### Directions
Set down each line from the line holding "Image of Mr." to the last line of the entries below, exactly, with both ends included and without pictures.

### Entries provided
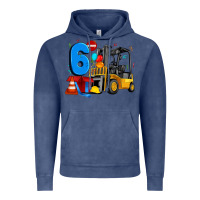 Vintage Denim forklift birthday six Vintage Hoodie - Artiststas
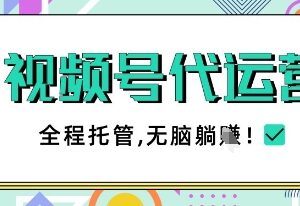 视频号代运营托管合作模式解析 零操作单月变现方法详解-雨叶虚拟资源网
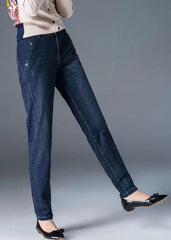 Pantalones vaqueros de algodón de color liso con bolsillos y cintura alta en azul marino ajustados para otoño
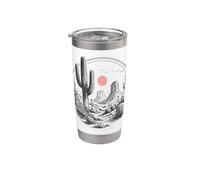 Motif cactus du sud-ouest du désert Gobelet isotherme en acier inoxydable double paroi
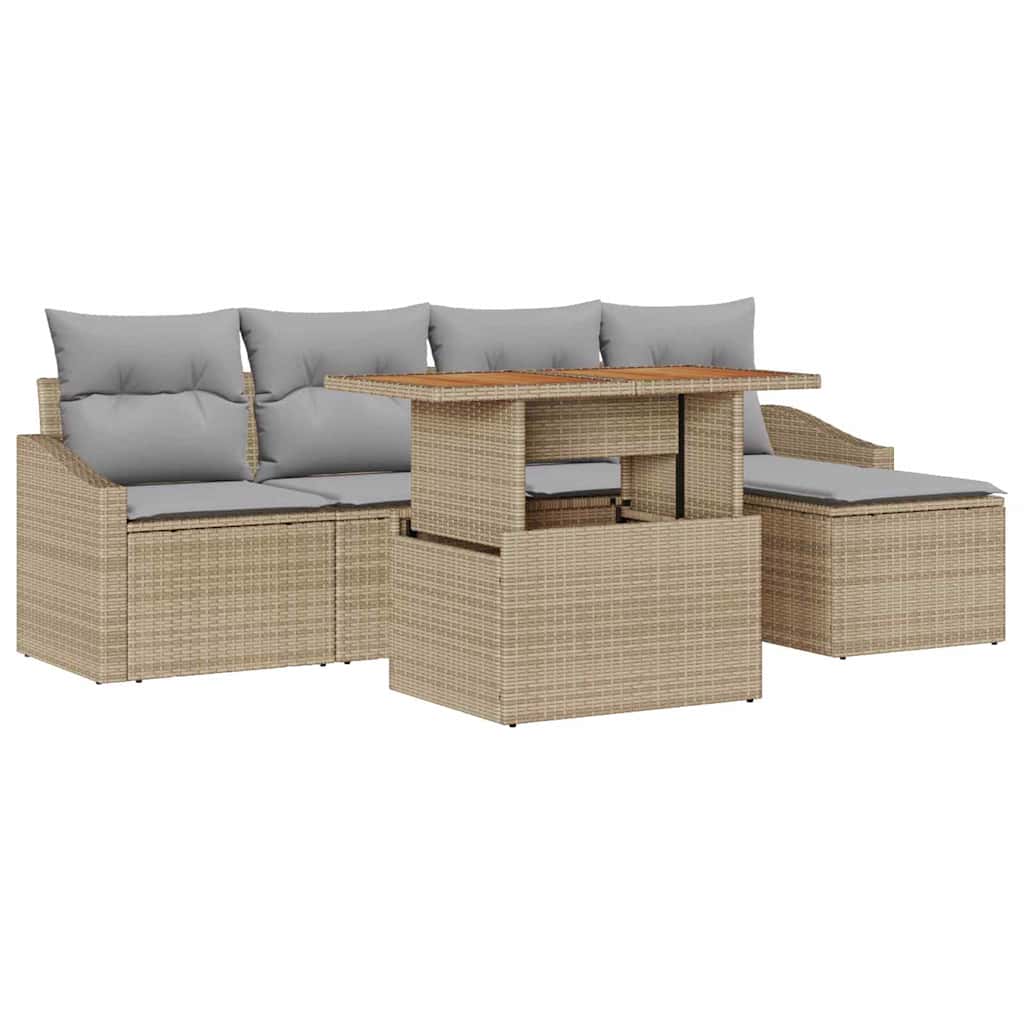 Havesofa Sæt 6 stk. Beige og grå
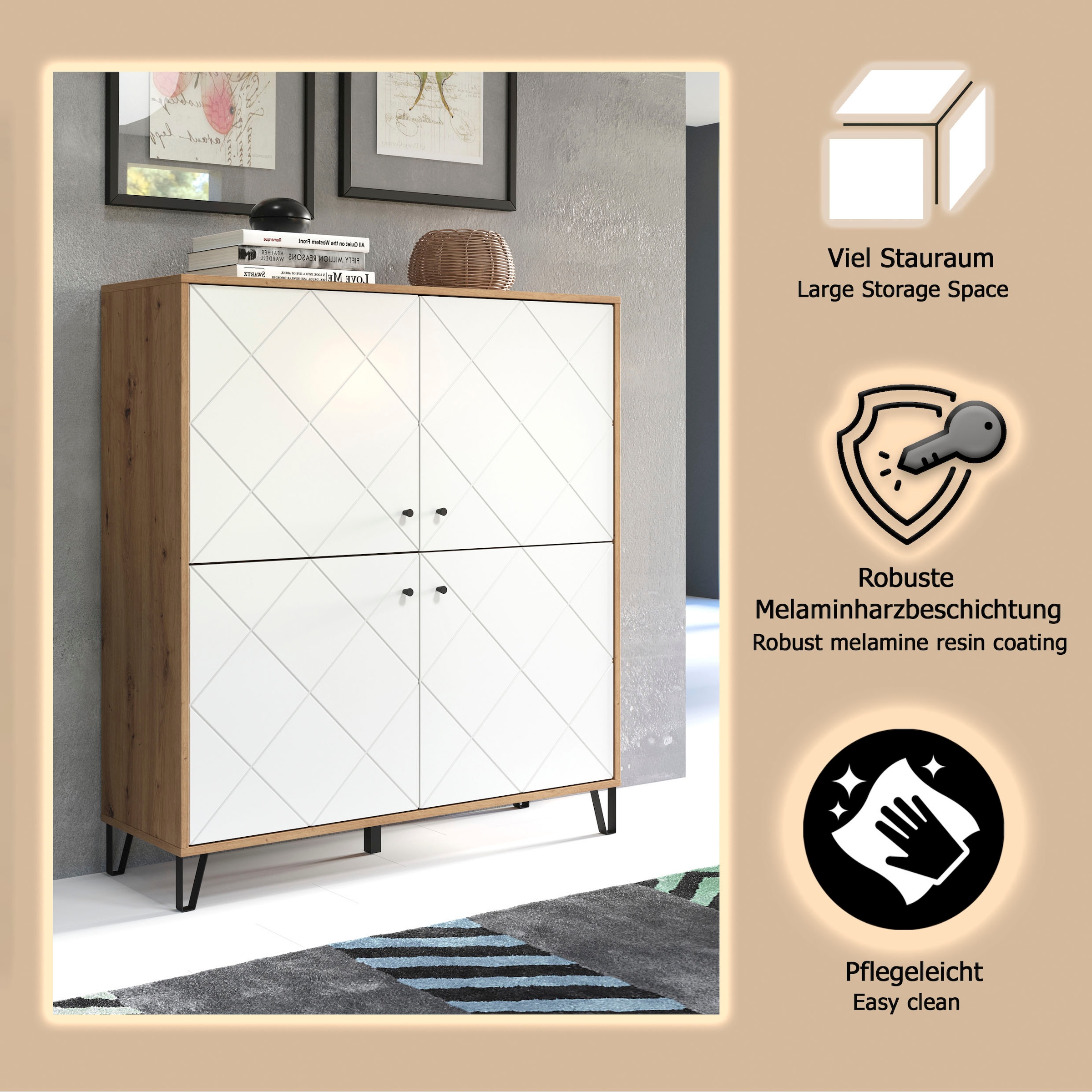 PLACES OF STYLE Highboard »Tarragona« Highboard mit 4 Türen & Soft-Close - (B/T/H) 123/40/136 cm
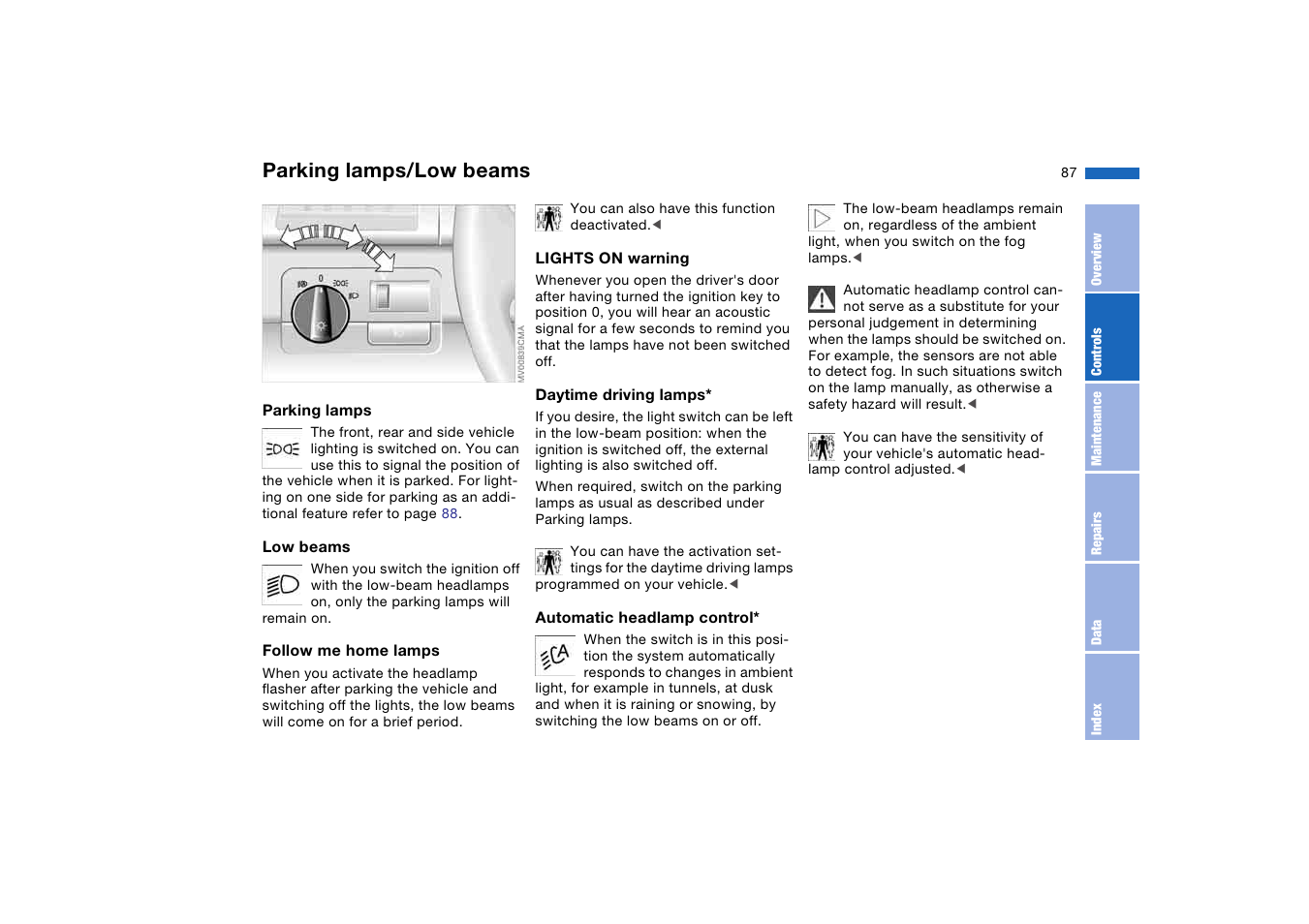 Lamps, Parking lamps/low beams | BMW M3 Coupe 2006 User Manual | Page 87 / 170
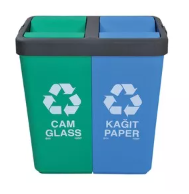 Контейнер для сортування сміття подвійний для паперу і пластику, зелений/синій, 40+40л, 55*35,5*59см 77661 фото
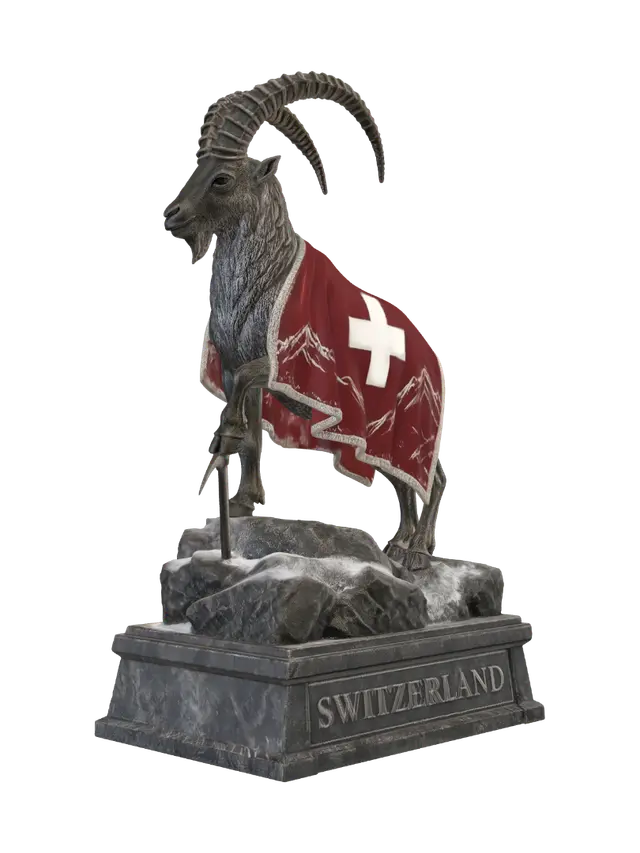 3D model for Swiss Alpine Ibex in a Red Cloak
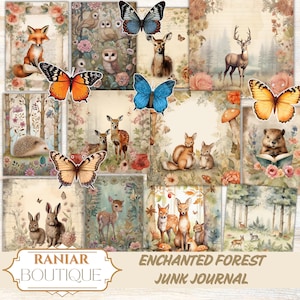 Pagine di diario della foresta incantata, diario della foresta fantasy, illustrazioni di animali stravaganti, animali del diario, download fantasy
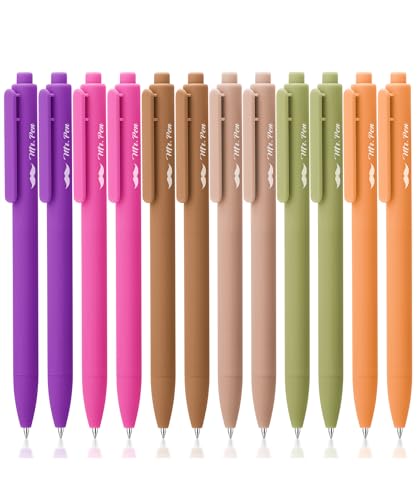 Image of Mr. Pen- Retractable Gel Pens, 12 Pack, Black Ink | Late Harvest Color Barrel, Fine Point 0.5mm, Fast Dry, Smooth Writing, Cute Pens for Drawing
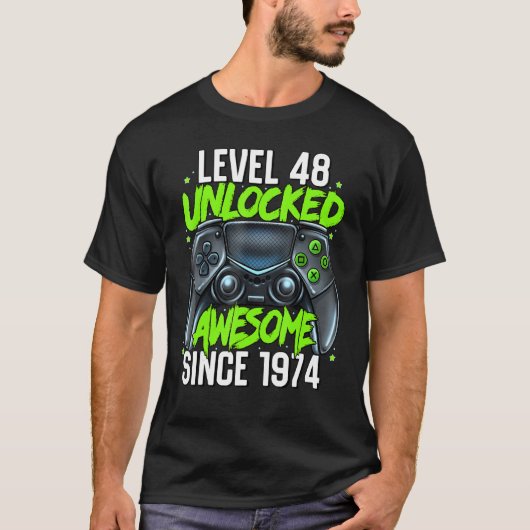 48e 'Birthday'-gameniveau 48 'Unlocked Geweldige S T-shirt (Voorkant)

### Solution for this problem
 Image of Mr. Pen- Retractable Gel Pens, 12 Pack, Black Ink | Late Harvest Color Barrel, Fine Point 0.5mm, Fast Dry, Smooth Writing, Cute Pens for Drawing
 48e 'Birthday'-gameniveau 48 'Unlocked Geweldige S T-shirt (Voorkant)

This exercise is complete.